July 29, 2013
Credit: U.S. NAVY
Projections that the U.S. will become all but self-sufficient in energy by 2035 have profound implications for an aviation fuels market in the early stages of moving from a dependence on petroleum to encompassing a wide and varied range of sources.
Abundant and inexpensive natural gas is making it more difficult for renewable energy sources to establish themselves in the U.S. The nascent biofuels industry is being affected, as gas can be converted to liquid fuels in the near term and in the longer term liquefied natural gas could be used directly in aircraft engines (see page 46). Some alternative-fuel start-ups have switched from biomass to natural gas.
The dynamic developments in the energy market have thrown a spotlight on the Obama administration's moves to use the buying power of the military to help foster an alternative-fuels marketplace with the goal of providing energy security by reducing reliance on imported oil. The Pentagon's role in scaling up biofuel production to commercial volumes is now in question.
As it did last year, conservative opposition is taking root in the Republican-controlled House of Representatives' National Defense Authorization Act for fiscal 2014, via several provisions that attempt to restrict or undo Pentagon spending on alternative fuels (AW&ST June 18, 2012, p. 40). And, like last year, there is practically no equivalent language in the Democratic-run Senate Armed Services Committee's version of the bill, meaning there will be a fight in congressional conference over the language when lawmakers meet to hash out a House-Senate compromise.
Last year, for the 2013 National Defense Authorization Act, most anti-alternative-fuels provisions were watered down or removed in conference—as Democrats and more biofuel-friendly Republicans outnumber the anti-alternative conservatives—and the Pentagon was allowed to inch ahead in its efforts. The Senate is expected to debate its defense authorization bill after its August break, and a compromise bill is not expected until the end of the year.

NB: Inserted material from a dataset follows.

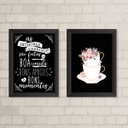 Ver imagem 1 de Kit 2 Quadros Café Cozinha Bons Momentos 45x34cm - com vidro:Madeira branca
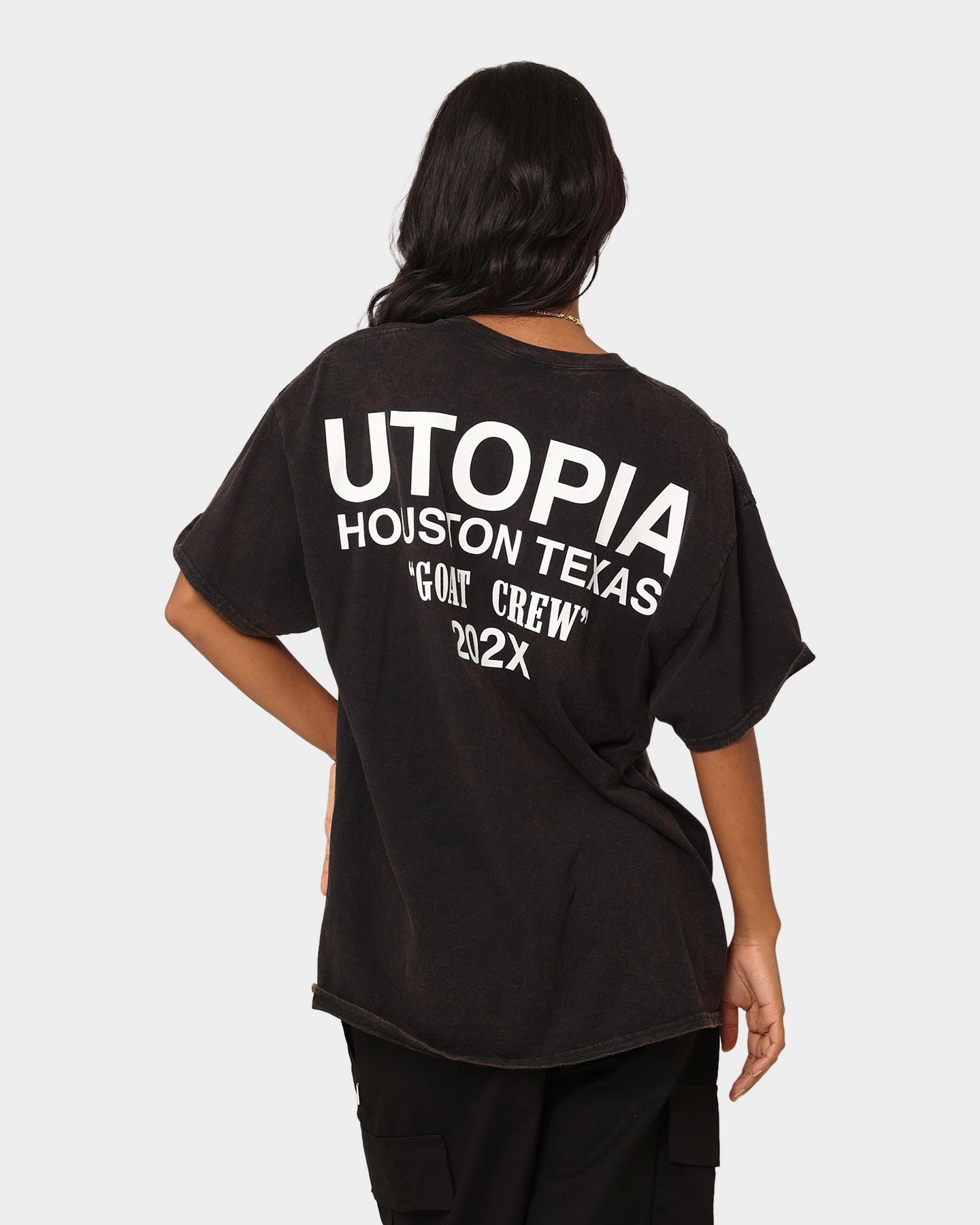 Goat Crew Utopia Vintage T-Shirt Washed Black All-Season Comfort Wear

Conservative opponents of defense alternative-fuel spending assert that they are not against biofuel or other non-oil energy, and have no qualms about Army and Air Force efforts to prepare for future fuels. The Army has a broad aim of increasing the use of renewable energy, including on its helicopters, but has not adopted any specific alternative-fuel goals. The Air Force is certifying all aircraft to use a 50:50 blend of conventional and alternative fuels and preparing to acquire half its domestic aviation fuel from alternative sources including biomass by 2016.

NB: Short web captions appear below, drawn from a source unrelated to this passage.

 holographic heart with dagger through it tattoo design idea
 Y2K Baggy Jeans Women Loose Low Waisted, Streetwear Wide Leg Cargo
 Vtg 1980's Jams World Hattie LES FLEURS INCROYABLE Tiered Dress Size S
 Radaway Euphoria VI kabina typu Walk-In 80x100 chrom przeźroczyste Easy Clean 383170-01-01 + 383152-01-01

But it is the Navy's goals that are drawing the most criticism from conservative lawmakers. Empowered by the Defense Production Act, the Navy has entered into a $510 million agreement with the Energy and Agriculture Departments to promote the development of a domestic advanced biofuel industry through the construction of biofuel refineries. The Navy's share is a $170 million investment, mainly in procurement of fuels to meet its goal of deploying a “Great Green Fleet” strike group of ships and aircraft running entirely on alternative blends by 2016, en route to meeting half of its total energy needs from alternative sources by 2020. To do so, the Navy would need to replace about 8 million barrels of petroleum with unblended alternative fuels by 2020, the Congressional Research Service (CRS) reported in December.